▶ _The problem_: Copying exactly, give the lines in the material below from the one with "in Stephenville, Texas" to the one with "Carolina duck (Aix sponsa).", ends included, and nothing besides.

▶ _Entries provided_:
--

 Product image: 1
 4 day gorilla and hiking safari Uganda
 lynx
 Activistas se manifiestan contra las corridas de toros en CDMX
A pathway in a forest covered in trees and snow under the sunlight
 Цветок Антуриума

--

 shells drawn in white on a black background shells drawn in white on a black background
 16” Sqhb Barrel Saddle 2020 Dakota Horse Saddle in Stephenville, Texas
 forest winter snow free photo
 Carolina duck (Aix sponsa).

--

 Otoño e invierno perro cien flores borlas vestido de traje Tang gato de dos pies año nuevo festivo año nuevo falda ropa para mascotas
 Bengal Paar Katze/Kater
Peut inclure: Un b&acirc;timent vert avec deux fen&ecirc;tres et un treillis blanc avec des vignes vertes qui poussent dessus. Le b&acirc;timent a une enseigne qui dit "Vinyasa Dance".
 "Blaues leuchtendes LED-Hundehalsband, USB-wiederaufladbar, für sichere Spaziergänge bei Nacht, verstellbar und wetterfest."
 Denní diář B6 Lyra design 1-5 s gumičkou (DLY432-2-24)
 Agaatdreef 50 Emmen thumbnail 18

--

▶ _Solution for this exercise_:
 16” Sqhb Barrel Saddle 2020 Dakota Horse Saddle in Stephenville, Texas
 forest winter snow free photo
 Carolina duck (Aix sponsa).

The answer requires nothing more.